Unnamed: 0,user id,test group,converted,total ads,most ads day,most ads hour
count,588101.0,588101,588101,588101.0,588101,588101.0
unique,,2,2,,7,
top,,ad,False,,Friday,
freq,,564577,573258,,92608,
mean,1310692.0,,,24.820876,,14.469061
std,202226.0,,,43.715181,,4.834634
min,900000.0,,,1.0,,0.0
25%,1143190.0,,,4.0,,11.0
50%,1313725.0,,,13.0,,14.0
75%,1484088.0,,,27.0,,18.0


In [5]:
# clean the column names
df.columns = np.array(pd.Series(df.columns).apply(lambda x: x.replace(' ', '_')))

In [6]:
df.isnull().sum()

user_id          0
test_group       0
converted        0
total_ads        0
most_ads_day     0
most_ads_hour    0
dtype: int64

**split the data into ad and psa**

In [7]:
ad = df[df.test_group == 'ad'].reset_index(drop=True)
psa = df[df.test_group == 'psa'].reset_index(drop=True)

In [8]:
ad.shape, psa.shape

((564577, 6), (23524, 6))

#### the data is skewed towards ads. let's see if the difference in conversions would be statistically significant

this below code was commented out. it was a ***sanity check***;
I selected the same number of rows as the psa group from the ad group. and checked their conversion rates. and the significance of their difference. there results were the same, so the data is good.

In [9]:
# shuffle the ad data rows
##ad = ad.sample(frac=1)
# select the number of rows you need
##ad = ad.iloc[:23524, :]
##ad.shape

In [10]:
converts_ad = ad.groupby('converted')['user_id'].count()
converts_ad

converted
False    550154
True      14423
Name: user_id, dtype: int64

In [11]:
converts_psa = psa.groupby('converted')['user_id'].count()
converts_psa

converted
False    23104
True       420
Name: user_id, dtype: int64

#### we can see that ad is doing better than psa. but let's check this difference for statistical significance
- H0: no significant difference
- H1: statistically significant difference.

In [12]:
from scipy.stats import shapiro, levene, mannwhitneyu, ttest_ind

#### check normality and homogeneity of variance

In [13]:
# normality check
_, pvalue_ad = shapiro(ad.converted)
_, pvalue_psa = shapiro(psa.converted)
pvalue_psa, pvalue_ad



(0.0, 0.0)

In [14]:
# variance homogeneity check
levene(psa.converted, ad.converted)

LeveneResult(statistic=54.322884225785735, pvalue=1.703305262368155e-13)

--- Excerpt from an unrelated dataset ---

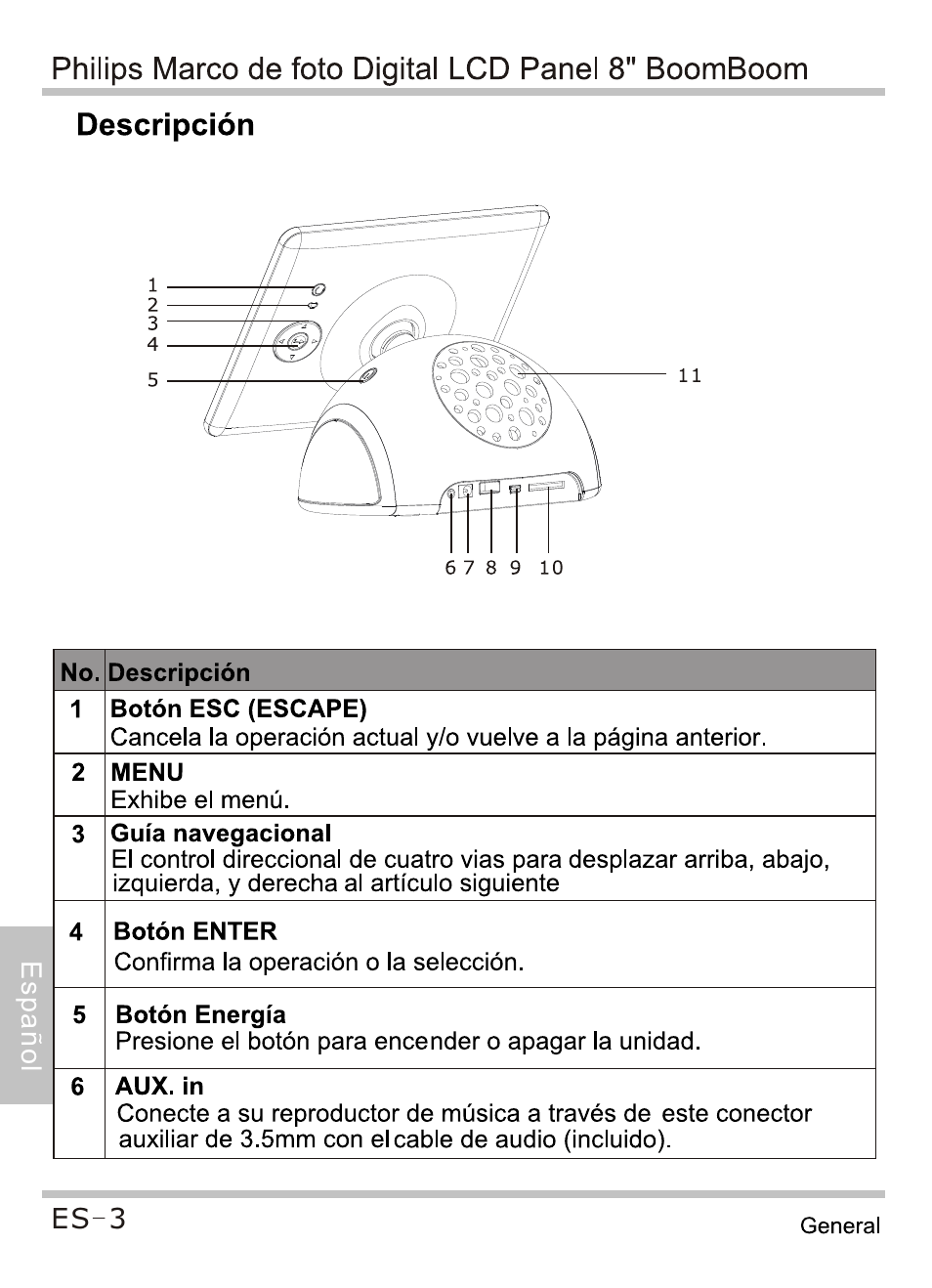 Descripción | Philips SPF4080P-G7 User Manual | Page 64 / 86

##### p_values are less than 0.05 so the normality and variance assumptions are met.

In [15]:
# test for significance
ttest_ind(psa.converted, ad.converted)

Ttest_indResult(statistic=-7.37040597428566, pvalue=1.7033052627831264e-13)

#### the results are statistically significant!
- pvalue strongly rejects the null hypothesis
- difference in conversions are due to the ads

In [16]:
# conversion rates
(converts_psa[1]/converts_psa[0]), (converts_ad[1]/converts_ad[0])

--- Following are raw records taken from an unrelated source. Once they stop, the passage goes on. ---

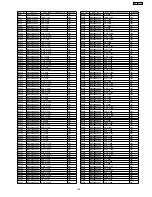 Preview for 105 page of Panasonic SA-AK631PL Service Manual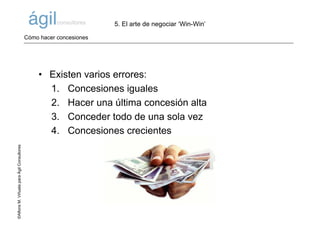 ©AlfonsM.ViñuelaparaÁgilConsultores
• Existen varios errores:
1. Concesiones iguales
2. Hacer una última concesión alta
3. Conceder todo de una sola vez
4. Concesiones crecientes
5. El arte de negociar ‘Win-Win’
Cómo hacer concesiones
 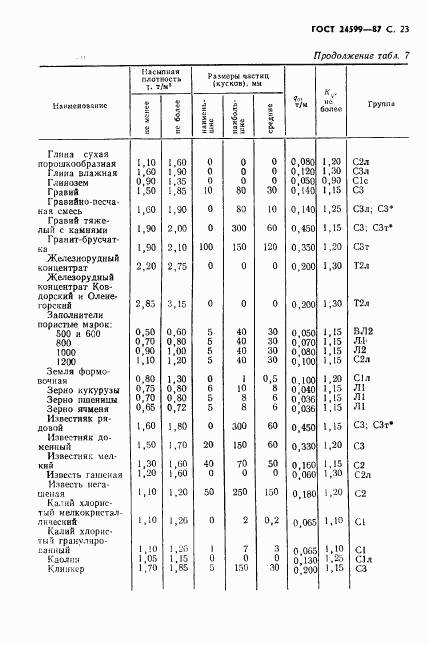 ГОСТ 24599-87, страница 24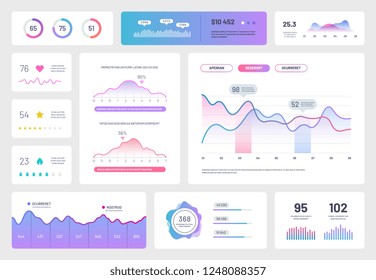 Infographic dashboard template. Modern ui interface, admin panel with graphs, chart and diagrams. Analytical vector report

(0.018178670360110803, 0.026216295800812136)

#### psa has a 1.8% conversion rate, while an ad has a 2.6% conversion rate. there is only a 0.8% difference between them, but the ads also reach a larger audience so it might be worth it.

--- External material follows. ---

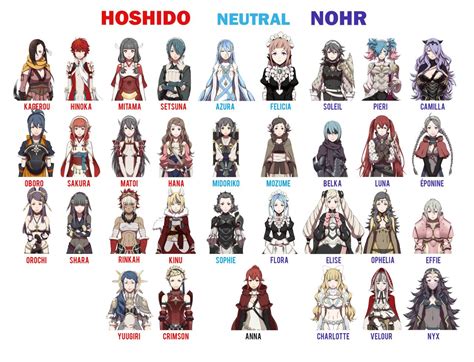 Fire Emblem Fates If Hoshido Neutral And Nohr Chracaters Female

## lets' check the most profitable days for ads

In [17]:
#conversion rates per day of the week
days = ad[ad.converted==True].groupby('most_ads_day')['converted'].count()/ad[ad.converted==False].groupby('most_ads_day')['converted'].count()
px.bar(days, color=days.index, title = 'most profitable day')

### mondays are the most profitable days.

#### let's check what hours are the best

In [18]:
# these hours are actually time stamps
ad.most_ads_hour.nunique()

24

#### each hour represents a time. 0 = 12am, 20 = 8pm

In [19]:
hours = ad[ad.converted==True].groupby('most_ads_hour')['converted'].count()/ad[ad.converted==False].groupby('most_ads_hour')['converted'].count()
px.bar(hours, color=hours.index, title = 'conversion rates by hour of day')

#### we can see that the peak time is during the day. between 1pm - 6pm. 

##### another peak is between 7pm and 11pm

## conclusions and recommendations
- the difference in their conversion rates are statistically significant.
- the ads are successful. they had better reach and conversions. 
- mondays saw the conversions. and peak hours are between 12pm - 11pm
- i suggest we run our most of our ads on mondays or tuesdays between these hours.